Copy each line of the material beneath that holds the word "Embroidery".

--- START ---

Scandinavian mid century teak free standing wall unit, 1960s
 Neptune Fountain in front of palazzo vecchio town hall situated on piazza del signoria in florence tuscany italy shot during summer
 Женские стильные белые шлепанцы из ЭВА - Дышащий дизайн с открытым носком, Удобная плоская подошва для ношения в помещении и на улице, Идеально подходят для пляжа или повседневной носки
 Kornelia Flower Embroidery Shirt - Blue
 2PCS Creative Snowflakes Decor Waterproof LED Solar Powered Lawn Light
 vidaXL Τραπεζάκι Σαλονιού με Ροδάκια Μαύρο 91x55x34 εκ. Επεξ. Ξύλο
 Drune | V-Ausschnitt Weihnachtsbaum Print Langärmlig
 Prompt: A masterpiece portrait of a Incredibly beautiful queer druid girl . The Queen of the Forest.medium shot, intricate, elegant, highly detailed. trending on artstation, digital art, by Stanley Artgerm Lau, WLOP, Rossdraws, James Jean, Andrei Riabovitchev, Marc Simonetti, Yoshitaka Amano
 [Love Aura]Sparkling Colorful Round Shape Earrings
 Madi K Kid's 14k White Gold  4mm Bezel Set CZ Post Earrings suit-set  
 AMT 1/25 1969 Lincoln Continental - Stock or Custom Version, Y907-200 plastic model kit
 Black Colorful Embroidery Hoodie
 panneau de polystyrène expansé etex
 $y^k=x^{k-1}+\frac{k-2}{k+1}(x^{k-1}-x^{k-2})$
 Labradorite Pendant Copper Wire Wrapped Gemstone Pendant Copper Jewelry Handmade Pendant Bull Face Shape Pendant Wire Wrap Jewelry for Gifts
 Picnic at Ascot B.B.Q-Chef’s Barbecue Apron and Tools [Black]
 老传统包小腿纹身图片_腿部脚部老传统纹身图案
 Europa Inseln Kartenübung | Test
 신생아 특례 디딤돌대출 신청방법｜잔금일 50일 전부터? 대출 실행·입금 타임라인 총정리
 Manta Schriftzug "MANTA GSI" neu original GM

--- END ---

§ WRITTEN RESPONSE
 Kornelia Flower Embroidery Shirt - Blue
 Black Colorful Embroidery Hoodie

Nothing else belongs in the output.